------ Input material

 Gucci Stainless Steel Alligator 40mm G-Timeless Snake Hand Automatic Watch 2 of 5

------------
------ Input material

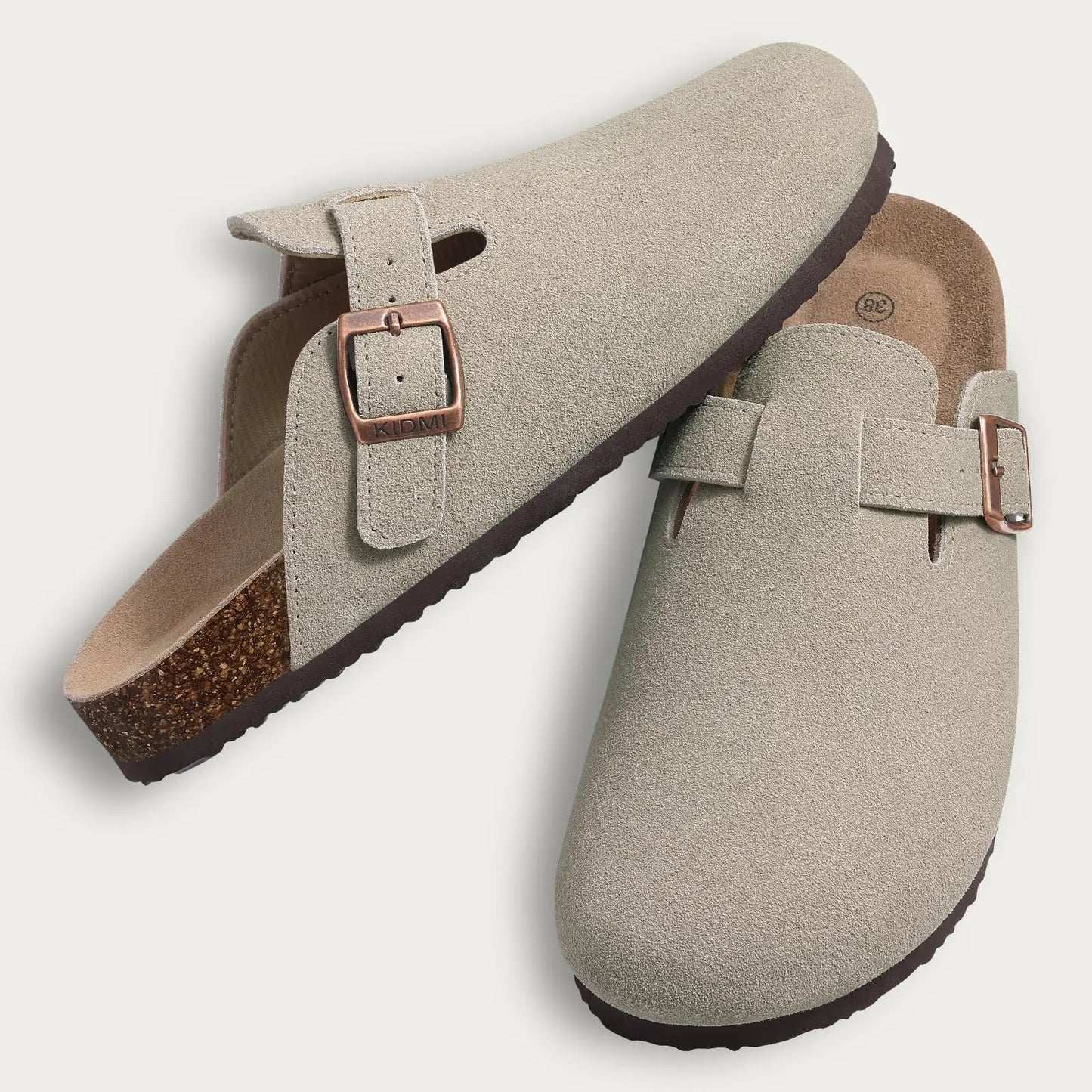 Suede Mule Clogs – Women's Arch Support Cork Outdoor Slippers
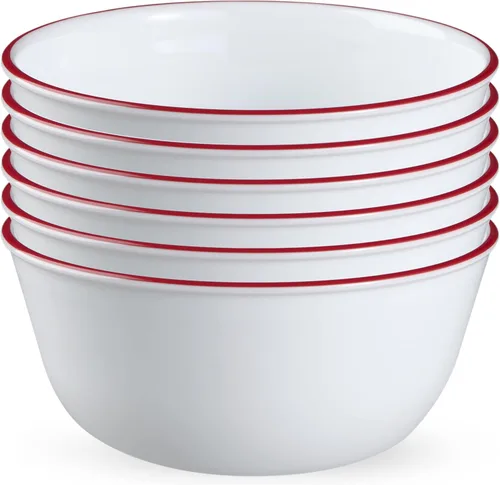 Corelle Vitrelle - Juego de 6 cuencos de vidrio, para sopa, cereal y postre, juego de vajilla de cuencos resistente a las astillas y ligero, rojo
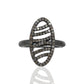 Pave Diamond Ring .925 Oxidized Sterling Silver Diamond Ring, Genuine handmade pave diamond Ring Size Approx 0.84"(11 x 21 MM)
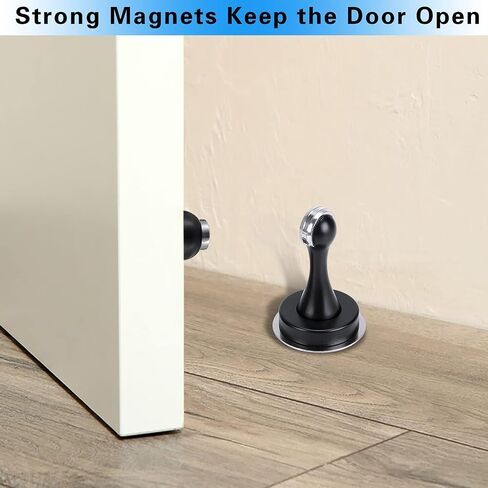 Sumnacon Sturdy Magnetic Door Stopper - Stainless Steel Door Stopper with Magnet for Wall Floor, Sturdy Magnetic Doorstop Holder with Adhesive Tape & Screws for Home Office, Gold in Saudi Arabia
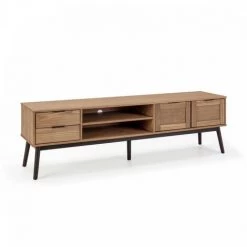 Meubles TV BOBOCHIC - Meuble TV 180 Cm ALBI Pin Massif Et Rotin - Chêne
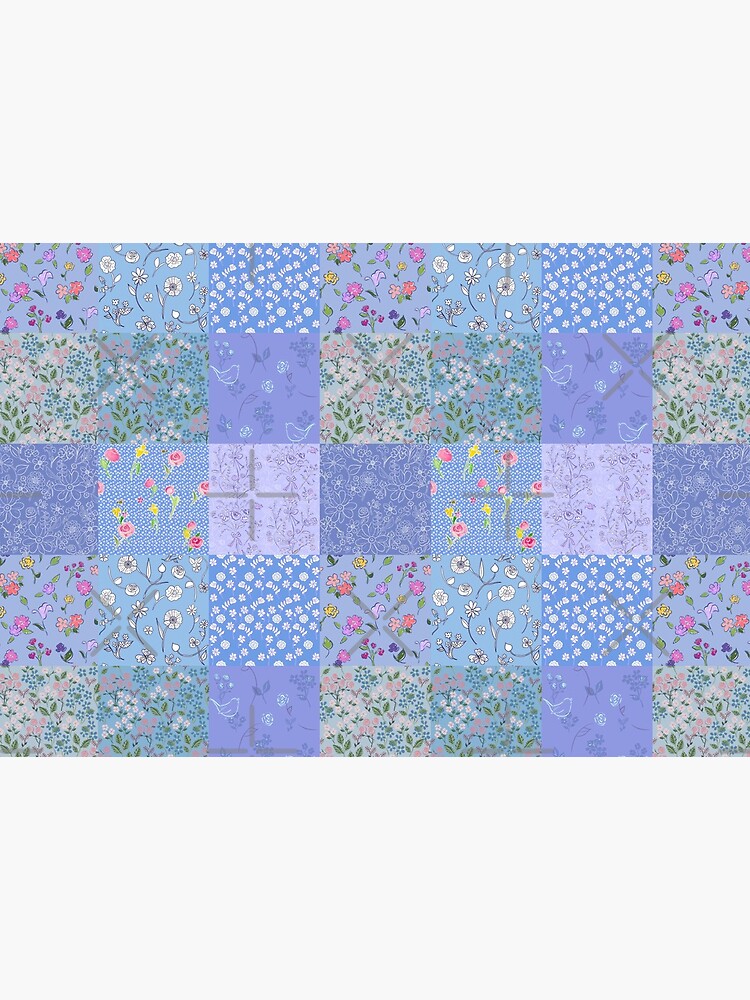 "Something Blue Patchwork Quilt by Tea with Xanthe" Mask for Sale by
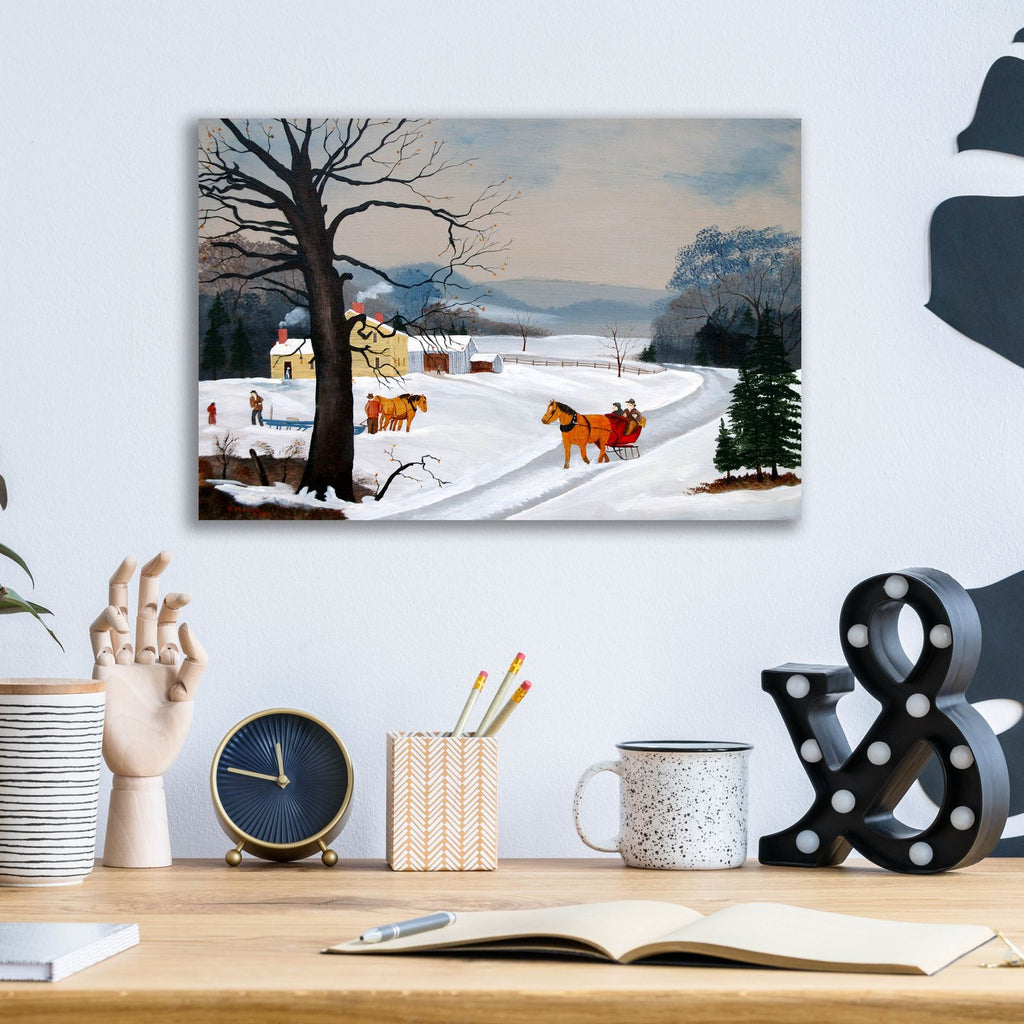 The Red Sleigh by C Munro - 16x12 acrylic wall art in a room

------------

Description of the task
Please output the lines above beginning at the line with "Corelle Vitrelle - Juego" and ending after the line with "The Red Sleigh", precisely as written and with no pictures.

Solved exercise
 Corelle Vitrelle - Juego de 6 cuencos de vidrio, para sopa, cereal y postre, juego de vajilla de cuencos resistente a las astillas y ligero, rojo
 Pave Diamond Ring .925 Oxidized Sterling Silver Diamond Ring, Genuine handmade pave diamond Ring Size Approx 0.84"(11 x 21 MM)
 Sumnacon Sturdy Magnetic Door Stopper - Stainless Steel Door Stopper with Magnet for Wall Floor, Sturdy Magnetic Doorstop Holder with Adhesive Tape & Screws for Home Office, Gold in Saudi Arabia
 Meubles TV BOBOCHIC - Meuble TV 180 Cm ALBI Pin Massif Et Rotin - Chêne
 "Something Blue Patchwork Quilt by Tea with Xanthe" Mask for Sale by
 The Red Sleigh by C Munro - 16x12 acrylic wall art in a room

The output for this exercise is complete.